— MATERIAL SUPPLIED —
Start of Block
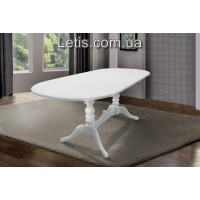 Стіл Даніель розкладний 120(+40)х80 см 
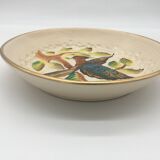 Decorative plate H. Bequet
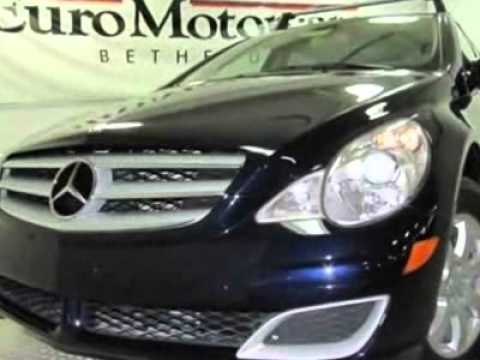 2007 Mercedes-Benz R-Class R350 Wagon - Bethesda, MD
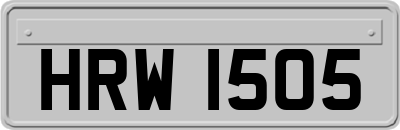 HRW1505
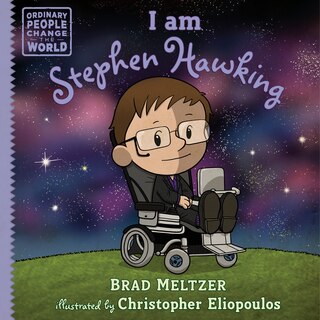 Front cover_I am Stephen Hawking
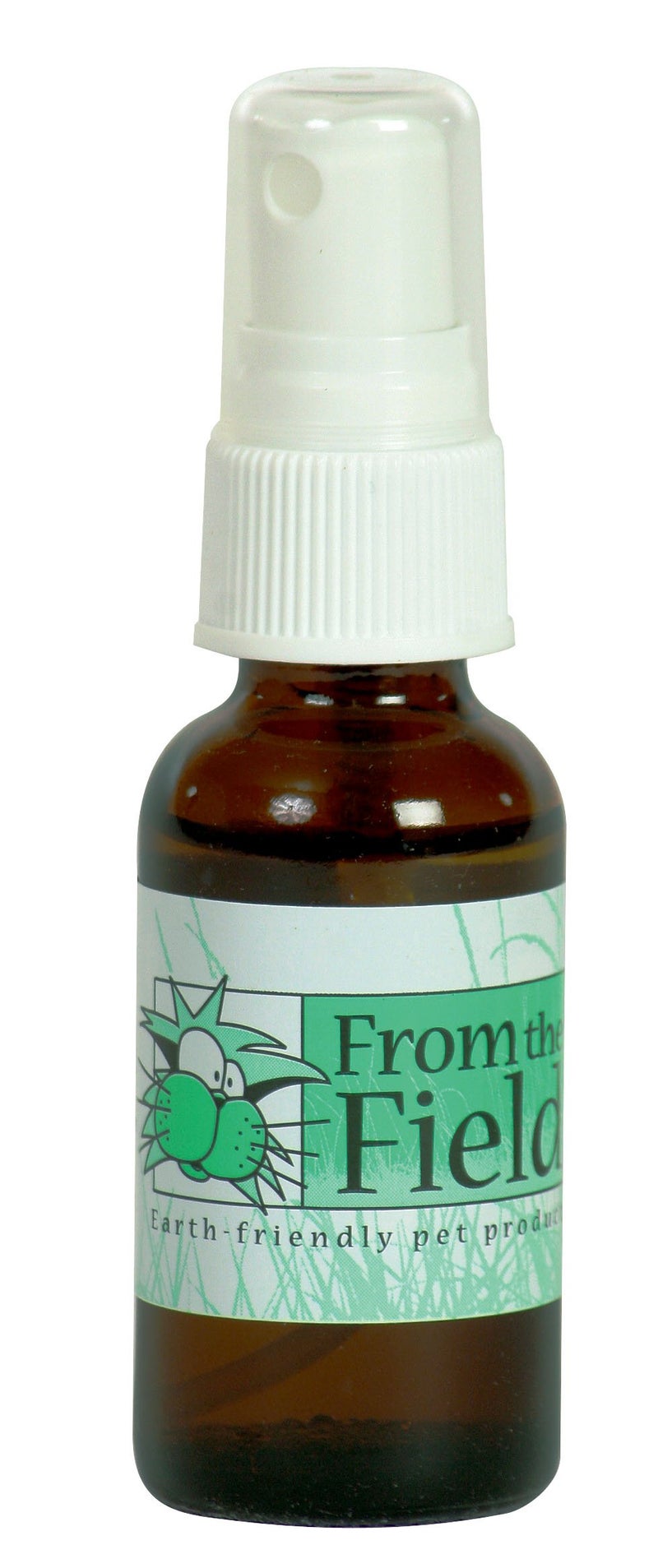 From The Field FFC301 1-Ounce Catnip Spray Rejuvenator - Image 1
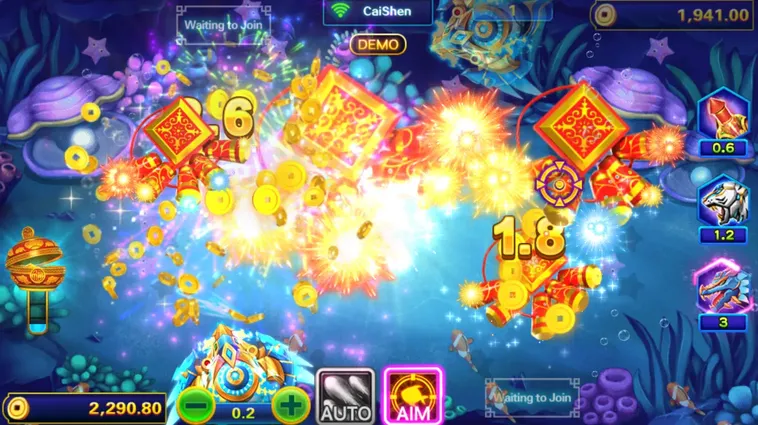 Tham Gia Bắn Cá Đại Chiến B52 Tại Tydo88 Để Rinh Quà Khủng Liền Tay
End of Block
Start of Block
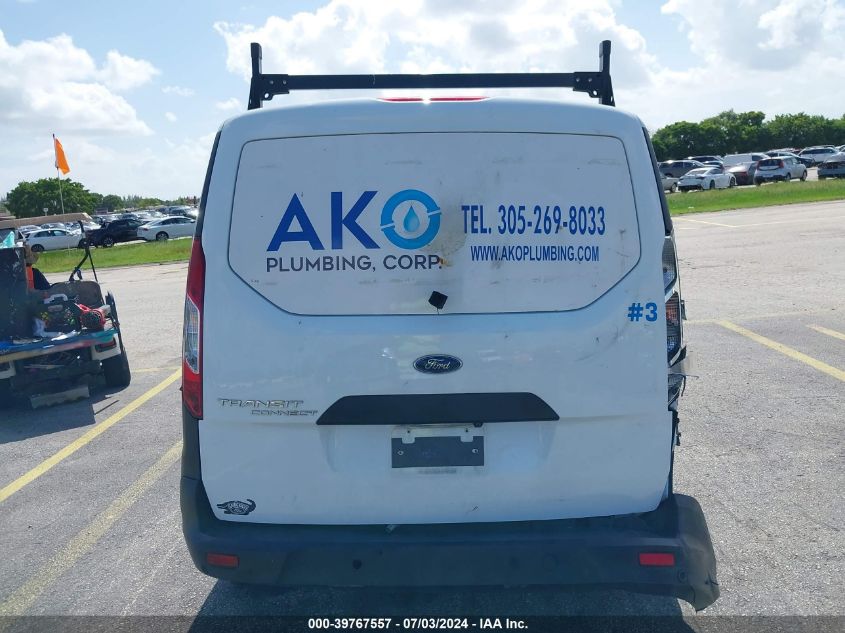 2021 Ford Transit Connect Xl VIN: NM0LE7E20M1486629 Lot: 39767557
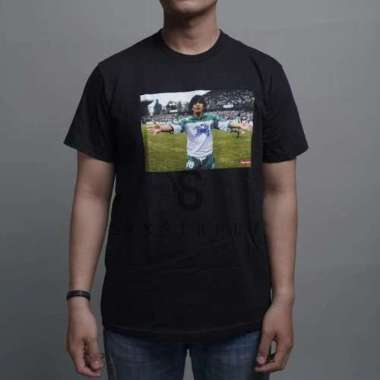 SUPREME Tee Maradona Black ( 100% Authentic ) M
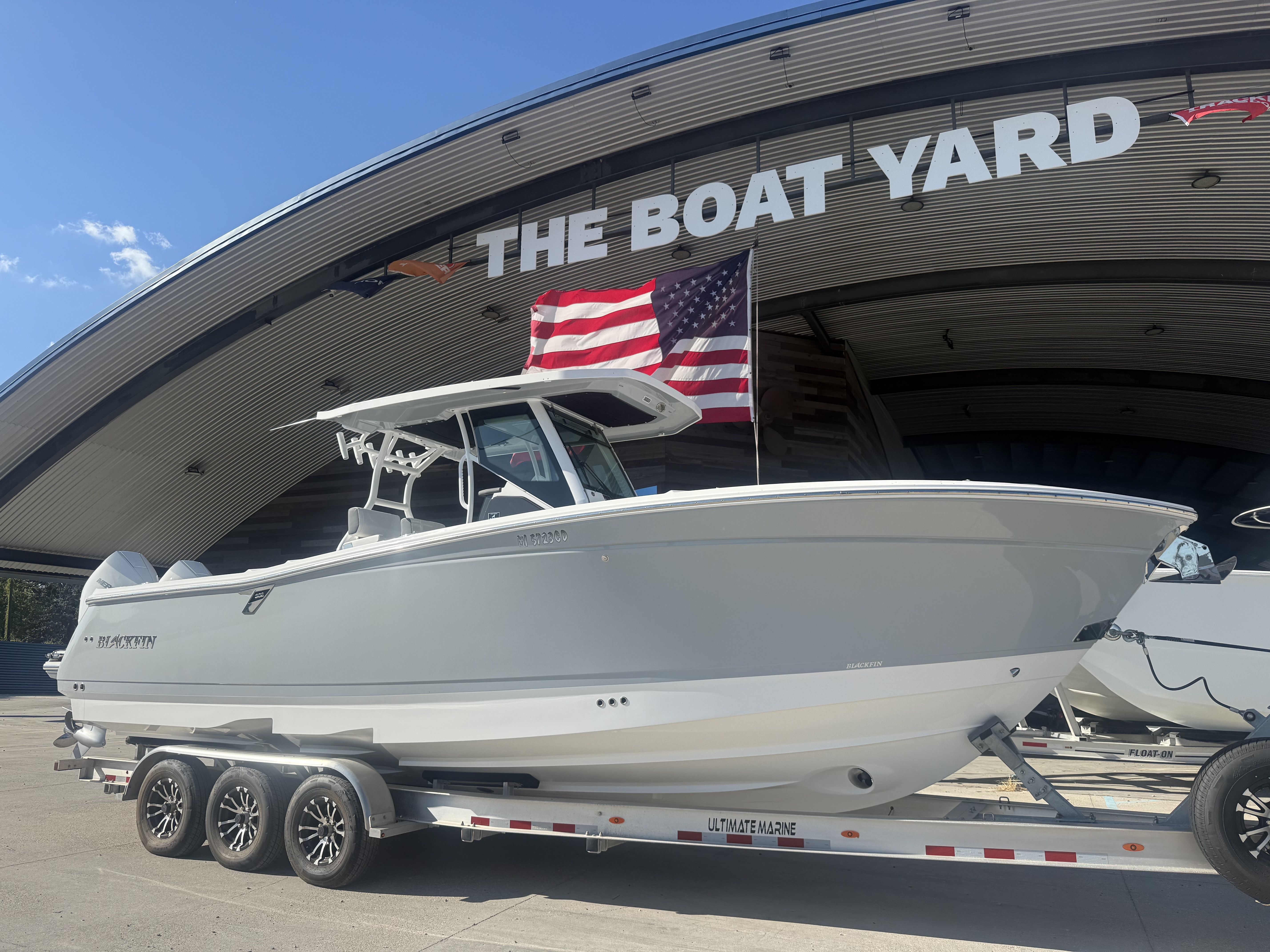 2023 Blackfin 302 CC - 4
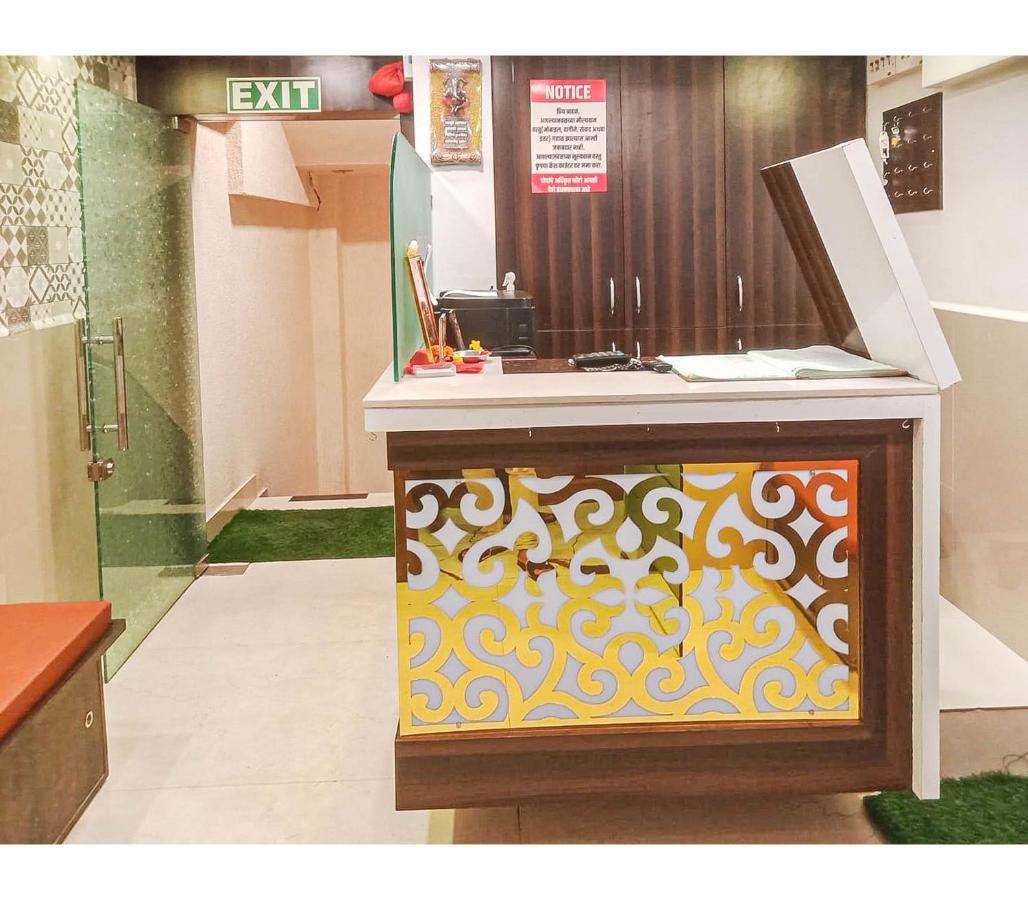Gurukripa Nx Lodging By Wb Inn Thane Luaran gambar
End of Block
Start of Block
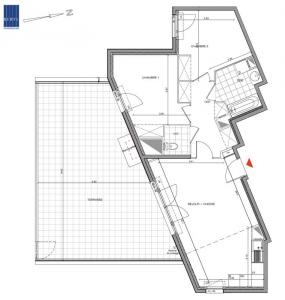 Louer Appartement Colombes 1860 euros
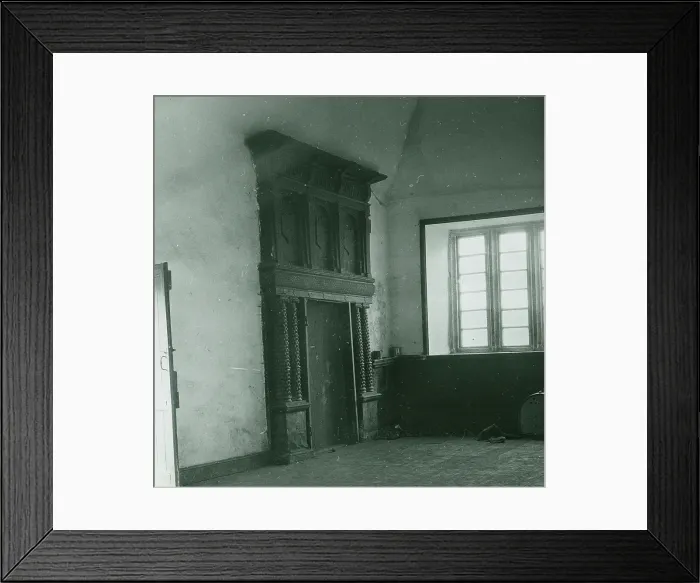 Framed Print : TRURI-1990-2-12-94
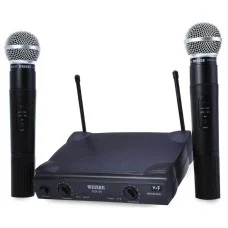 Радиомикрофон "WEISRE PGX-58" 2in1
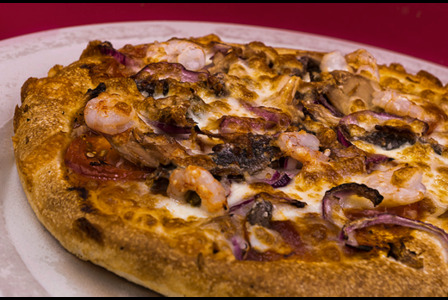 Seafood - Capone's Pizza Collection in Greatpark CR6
End of Block
What to print is the stretch of entries from the line with "Стіл Даніель розкладний 120(+40)х80 см" up to and including the line with "Tham Gia Bắn". Please print it exactly and leave out the pictures.

 Стіл Даніель розкладний 120(+40)х80 см 
 Decorative plate H. Bequet
 2007 Mercedes-Benz R-Class R350 Wagon - Bethesda, MD
 HRW1505
 Front cover_I am Stephen Hawking
 From The Field FFC301 1-Ounce Catnip Spray Rejuvenator - Image 1
 Tham Gia Bắn Cá Đại Chiến B52 Tại Tydo88 Để Rinh Quà Khủng Liền Tay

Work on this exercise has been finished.